Exercise goal
The records are to be copied word for word, and the pictures dropped.

Saved entries
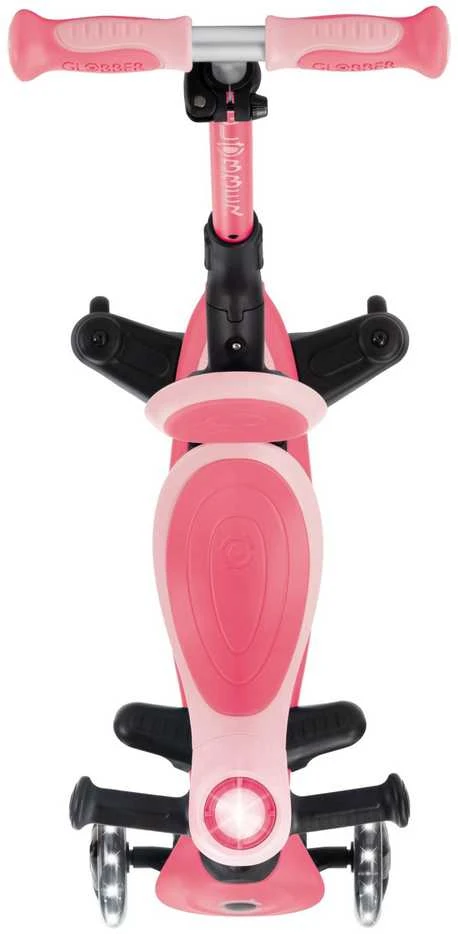 GLOBBER paspirtukas Go-Up Baby Lights 360, 3in1, spalva: rožinė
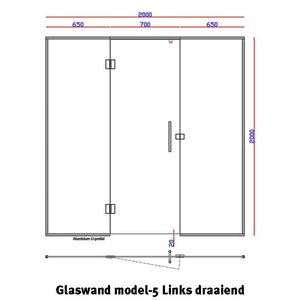 Glaswand Model 5 - Sauna Service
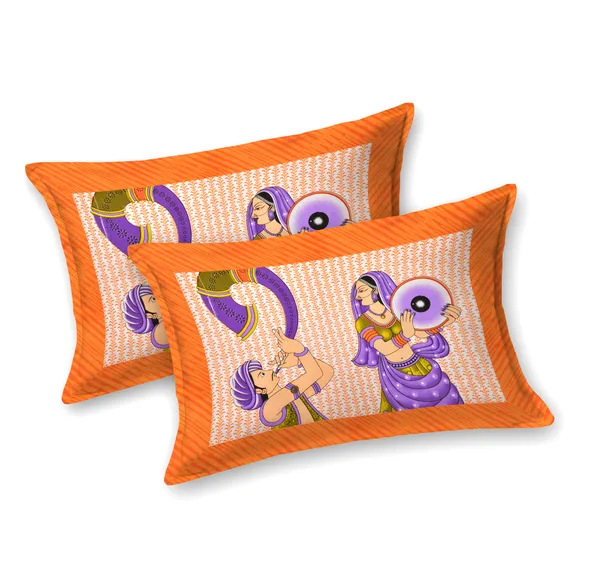 Premium_Cotton_Bedsheet,_Light_Orange_(TC-220)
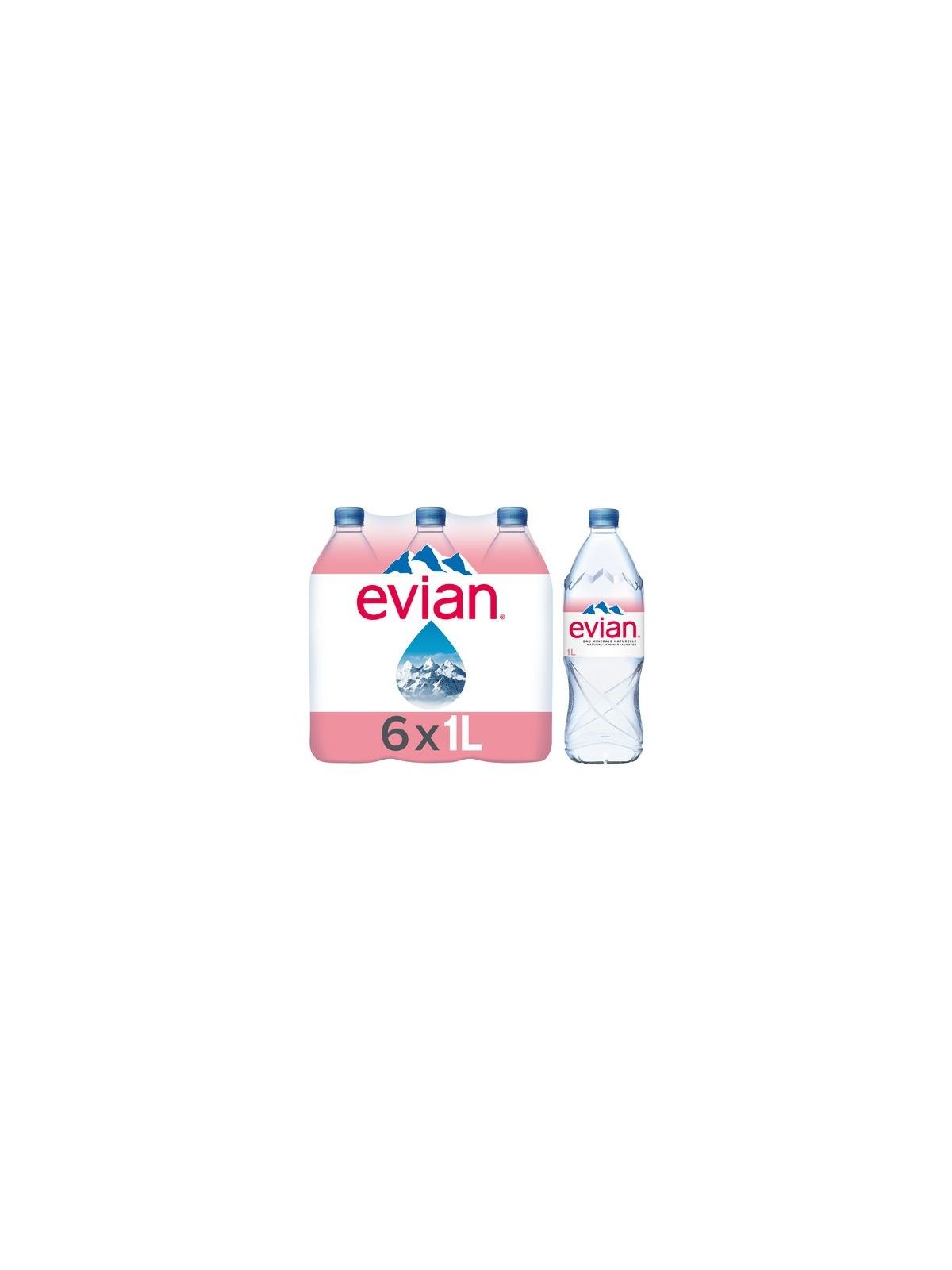 6X1L EAU MIN.EVIAN PET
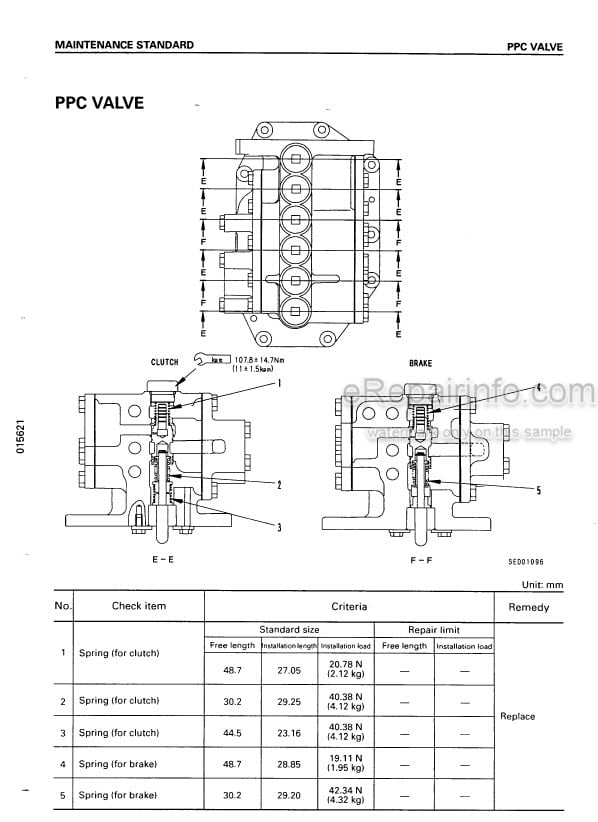 Photo 4 - Komatsu D85C-21 Shop Manual Pipelayer SEN04766-00 SN 36551-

Finished task
 GLOBBER paspirtukas Go-Up Baby Lights 360, 3in1, spalva: rožinė
 Glaswand Model 5 - Sauna Service
 Premium_Cotton_Bedsheet,_Light_Orange_(TC-220)
 6X1L EAU MIN.EVIAN PET
 Photo 4 - Komatsu D85C-21 Shop Manual Pipelayer SEN04766-00 SN 36551-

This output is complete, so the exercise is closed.